I still have my doubts and confusions surrounding man’s search for meaning. I look out on starry nights at the millions of stars. Are there millions? Has anyone counted? I look out and wonder how many planets that represents (bearing in mind, I can only see a fraction of the sky in which we float). If only 1 percent of those stars had planets and only 1 percent of those planets were in the goldilocks zone for life, and only 1 percent of the goldilocks planets evolved life…what would it look like? Would it also look around its world and seek patterns and meaning?

Do the other species on our own planet do likewise? I know that some of the scientists decry what they call anthropomorphism: casting other sentient beings (or indeed possibly non-sentient ones – I’m not sure where that boundary lies) in human guise: believing that they feel as we do, think as we do. I don’t do that. I don’t think of trees as pseudo-people. I simply wonder what a tree feels and thinks, as a tree, whatever the tree-equivalent of thinking might be, if somehow that might be translatable into something I might be capable of grasping.

Then again…possibly I do think of trees not as pseudo-people, but as actual people. Tree people. I think of cat people and ant people and bird people and crocodile people and slug people and whale people and grub people and chimp people and fish people and plant people and fungi people and and and and…

I don’t ‘endow’ these beings with human characteristics from an anthropocentric viewpoint.

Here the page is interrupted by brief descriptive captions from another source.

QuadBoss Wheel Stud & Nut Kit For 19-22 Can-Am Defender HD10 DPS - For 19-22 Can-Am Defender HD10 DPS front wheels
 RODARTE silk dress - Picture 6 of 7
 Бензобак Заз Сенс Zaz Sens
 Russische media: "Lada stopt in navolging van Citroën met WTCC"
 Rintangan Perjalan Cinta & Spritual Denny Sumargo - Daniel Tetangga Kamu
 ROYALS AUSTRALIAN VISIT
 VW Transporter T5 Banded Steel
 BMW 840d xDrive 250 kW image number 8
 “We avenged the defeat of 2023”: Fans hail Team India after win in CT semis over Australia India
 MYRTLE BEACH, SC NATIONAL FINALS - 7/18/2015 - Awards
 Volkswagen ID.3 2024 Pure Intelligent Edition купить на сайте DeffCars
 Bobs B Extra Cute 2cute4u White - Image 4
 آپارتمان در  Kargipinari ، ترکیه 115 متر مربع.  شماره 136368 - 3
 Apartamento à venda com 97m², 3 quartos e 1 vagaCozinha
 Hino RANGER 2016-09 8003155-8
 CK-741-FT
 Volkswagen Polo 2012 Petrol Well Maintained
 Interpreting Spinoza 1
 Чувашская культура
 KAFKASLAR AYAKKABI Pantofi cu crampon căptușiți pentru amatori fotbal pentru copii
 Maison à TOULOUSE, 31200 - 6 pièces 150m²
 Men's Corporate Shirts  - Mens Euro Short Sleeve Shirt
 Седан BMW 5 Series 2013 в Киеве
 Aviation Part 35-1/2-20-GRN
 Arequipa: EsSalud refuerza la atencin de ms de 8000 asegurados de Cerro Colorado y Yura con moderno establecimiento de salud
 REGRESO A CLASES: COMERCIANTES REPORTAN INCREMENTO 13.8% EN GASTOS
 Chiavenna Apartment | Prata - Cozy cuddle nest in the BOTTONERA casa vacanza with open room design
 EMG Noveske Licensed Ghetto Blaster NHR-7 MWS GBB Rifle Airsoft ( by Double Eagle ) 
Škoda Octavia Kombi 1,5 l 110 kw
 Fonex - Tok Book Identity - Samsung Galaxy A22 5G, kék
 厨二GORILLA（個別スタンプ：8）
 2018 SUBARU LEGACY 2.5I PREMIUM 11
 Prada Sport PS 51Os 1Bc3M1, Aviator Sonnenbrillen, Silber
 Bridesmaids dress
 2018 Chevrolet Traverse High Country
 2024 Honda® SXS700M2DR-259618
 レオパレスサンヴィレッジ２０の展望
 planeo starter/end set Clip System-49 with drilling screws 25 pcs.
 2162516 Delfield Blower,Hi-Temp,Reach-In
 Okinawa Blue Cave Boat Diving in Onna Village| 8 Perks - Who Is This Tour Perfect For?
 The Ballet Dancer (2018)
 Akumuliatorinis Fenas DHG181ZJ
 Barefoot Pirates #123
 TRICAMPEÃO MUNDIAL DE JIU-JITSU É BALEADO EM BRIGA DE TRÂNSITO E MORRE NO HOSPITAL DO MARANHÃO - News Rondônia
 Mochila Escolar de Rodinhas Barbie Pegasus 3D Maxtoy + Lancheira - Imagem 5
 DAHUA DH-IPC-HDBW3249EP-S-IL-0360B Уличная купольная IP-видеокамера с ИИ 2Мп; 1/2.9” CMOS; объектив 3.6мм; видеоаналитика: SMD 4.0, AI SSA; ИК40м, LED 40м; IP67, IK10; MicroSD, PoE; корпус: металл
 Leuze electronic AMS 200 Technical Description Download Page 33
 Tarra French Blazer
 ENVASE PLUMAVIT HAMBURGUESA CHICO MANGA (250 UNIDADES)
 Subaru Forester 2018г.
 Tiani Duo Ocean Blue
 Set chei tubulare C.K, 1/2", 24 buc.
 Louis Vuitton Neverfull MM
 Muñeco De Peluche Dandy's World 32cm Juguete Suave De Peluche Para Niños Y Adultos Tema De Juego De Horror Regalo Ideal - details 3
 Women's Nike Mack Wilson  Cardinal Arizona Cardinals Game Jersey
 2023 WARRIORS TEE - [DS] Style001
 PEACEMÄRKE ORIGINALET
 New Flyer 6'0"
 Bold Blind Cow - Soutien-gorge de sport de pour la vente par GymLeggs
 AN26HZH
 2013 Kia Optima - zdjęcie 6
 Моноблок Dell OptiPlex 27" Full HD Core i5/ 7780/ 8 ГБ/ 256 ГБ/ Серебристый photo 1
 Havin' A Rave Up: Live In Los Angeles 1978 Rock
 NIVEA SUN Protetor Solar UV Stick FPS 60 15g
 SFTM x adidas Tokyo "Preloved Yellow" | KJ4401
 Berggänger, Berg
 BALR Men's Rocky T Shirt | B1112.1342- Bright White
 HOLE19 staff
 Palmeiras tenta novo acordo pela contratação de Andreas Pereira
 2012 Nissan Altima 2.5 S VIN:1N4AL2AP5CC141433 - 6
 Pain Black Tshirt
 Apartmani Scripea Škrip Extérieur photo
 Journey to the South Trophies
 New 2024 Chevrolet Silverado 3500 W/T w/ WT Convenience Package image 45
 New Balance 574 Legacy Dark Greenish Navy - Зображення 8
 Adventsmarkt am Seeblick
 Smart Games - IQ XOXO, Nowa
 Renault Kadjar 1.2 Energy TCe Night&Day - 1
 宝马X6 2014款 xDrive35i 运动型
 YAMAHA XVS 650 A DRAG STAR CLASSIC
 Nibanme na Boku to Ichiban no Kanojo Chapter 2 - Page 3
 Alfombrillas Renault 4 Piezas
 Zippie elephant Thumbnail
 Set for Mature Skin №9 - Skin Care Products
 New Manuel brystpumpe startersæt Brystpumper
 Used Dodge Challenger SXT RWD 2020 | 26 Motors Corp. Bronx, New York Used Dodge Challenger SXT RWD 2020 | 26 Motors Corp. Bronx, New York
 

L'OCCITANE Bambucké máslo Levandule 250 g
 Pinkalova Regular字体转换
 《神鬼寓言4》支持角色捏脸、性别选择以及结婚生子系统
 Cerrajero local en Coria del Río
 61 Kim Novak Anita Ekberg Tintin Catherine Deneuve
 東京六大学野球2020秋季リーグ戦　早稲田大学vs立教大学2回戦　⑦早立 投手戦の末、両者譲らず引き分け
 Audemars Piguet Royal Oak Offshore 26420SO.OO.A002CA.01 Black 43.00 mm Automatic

Quite the reverse. I take the view that the human people are no different from all the others. We have become dominant (for a time, which too shall pass) but we are just another animal. We are human people. The human is what makes us different, the people is what makes us the same. The same as the trees and all the others. Part of the same interlinked system that we haven’t yet figured out how to care for.

Or have, somewhere along the way, forgotten how to care for.

~ / ~

Balance. That is what we have forgotten. I started by saying that if I look up at the clouds I will lose my balance. The truth is that if I only look down at ground level, I will forget that I need it. I think maybe we need to look up and feel the sway of the ground beneath us, maybe we need to look down and lose sight of the infinity that holds us, maybe we need to look ahead and simply accept that we cannot make out very much beyond the shifting mists of time – and then we simply need to take the next step forward.